The first pack drops in January 2021 and is titled “City as Might Have Been”.
Subscriptions were limited to 50 subscribers and are now closed.
Originally published in 2015, reprinted (its third run) for SQAM Kyle Magee explains his interventions on public, for-profit advertisements, actions which usually involve the defacement of ad space, done openly in public, which end in his arrest. The manifesto, told through stark and frenetically drawn comics by Michael Fikaris, lays out why for-profit advertising, in addition to being an unconscionable waste of resources, has such a detrimental effect on our media systems, corrupting our politics and personal lives in service of capitalism.

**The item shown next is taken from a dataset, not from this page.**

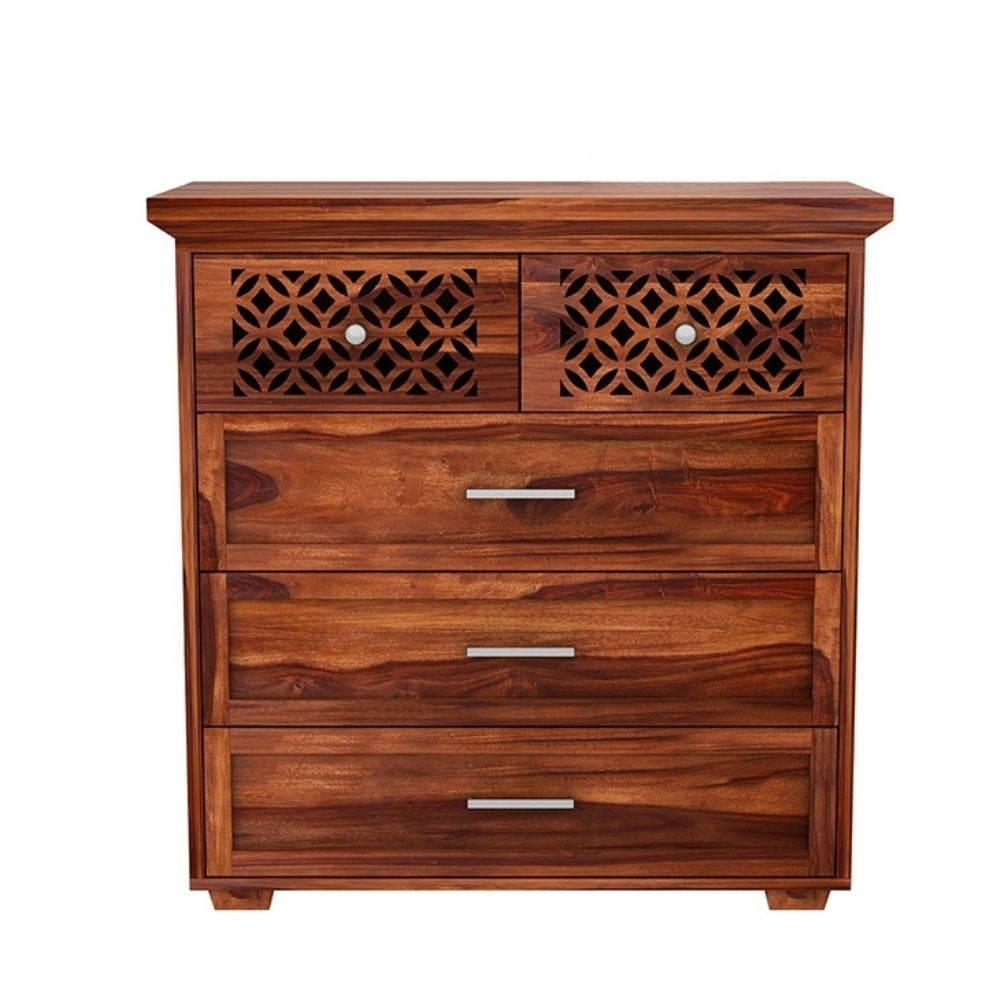 Grier Solid Sheesham Wood Chest of Drawer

“I’m the opposite of the anchor, drifting around. I used to worry about this but have come to accept it’s my way. To be at the periphery rather than the centre, to feel in the moment but also incessantly elsewhere, thinking of other times and places and possibilities. In this scene I’m in the grey morning under the overcast sky, the soles of my shoes crushing the jacaranda flowers into the pavement, but I’m also out to sea, the anchor hoisted, the ship cutting through the steel blue water.” I am a Camera is a zine series by Vanessa Berry, started in 1999. This issue, from 2016, is a drift through Sydney’s past, present and future.
Ill Considered is a series of zines exploring Sydney’s brutalist architecture and focussing on those we know are at risk of being razed. In each zine we profile a certain building through words, photos and illustration.
In our first zine we journey to Lidcombe, Sydney, home of the old Department of Mineral Resources building. It’s now abandoned, fenced off and kept watch by a series of CCTV cameras ensuring that it remains empty and useless. Only 250 printed!
What to name this thing that I do, then? This is not an act of remembering or submerging into nostalgia. I wish to engage in a kind of autobiographical writing that identifies which of the city’s many undercurrents penetrated my thick skin and flowed through me, and that traces the ways in which urban habitation in a certain place and time made this body of mine mutate from one state into another: from an adolescent body into an adult body, from a poetic body into an academic body, from an agoraphilic body into a claustrophilic body.